A lot of cyclists start the season with excellent fitness and, generally speaking, maintain that fitness most of the year. But have you noticed how racing in September can get pretty slow and the number of riders at races declines?
There is a certain amount of planning involved in being able to compete in a full season of racing. Many cyclists just look at training on a week-to-week basis. They look at next week's race and try to do some specific training for that race.
This week-to-week approach can be detrimental to season-long fitness. Planning your training on a month-to-month and year-long basis is far more beneficial in maintaining season-long fitness.
This means a little basic planning of rest periods. Endurance athletes often think of "rest" as a four-letter word. True, resting can be hard because as a competitive athlete you are always thinking about what the other guy is doing. How many miles did so-and-so do today?

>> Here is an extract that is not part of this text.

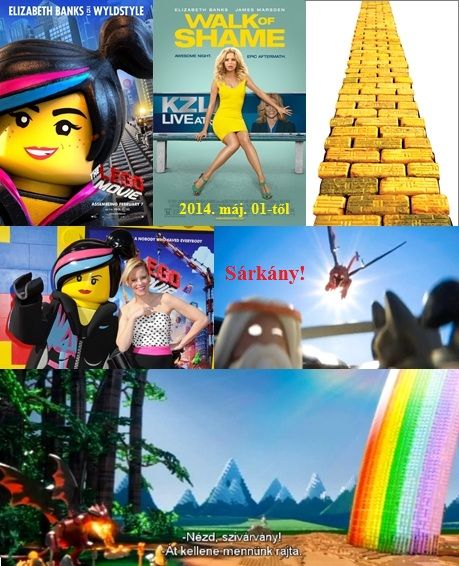 http://csillagszeme.hupont.hu/felhasznalok_uj/2/5/259872/kepfeltoltes/lego_kaland_kepek_2.jpg?11104957 http://csillagszeme.hupont.hu/felhasznalok_uj/2/5/259872/kepfeltoltes/lego_kaland_kepek_2.jpg?11104957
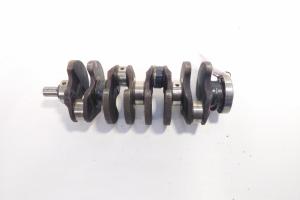 Vibrochen 032M, Vw Golf 4 (1J1) 1.6b (id:259829) din dezmembrari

And resting doesn't feel like you're doing anything to make yourself faster. But the truth is, you are. If you're going to train hard, you have to rest hard also. It takes discipline to train, and it takes even more discipline to rest properly.
Why You Get Faster
Training is a game of cycles. Hard training followed by periods of rest. You don't get faster during hard training; you get faster when you've rested after hard training. Read that last sentence again. Hard training breaks you down and then the rest is where your body creates the adaptations to bounce back higher.
So, looking at things from a season-long perspective, it's important to schedule extended breaks into the season where you de-prioritize cycling and try to think about something else for a week. Two to three breaks like this during the season will help to keep you mentally and physically fresh the whole year.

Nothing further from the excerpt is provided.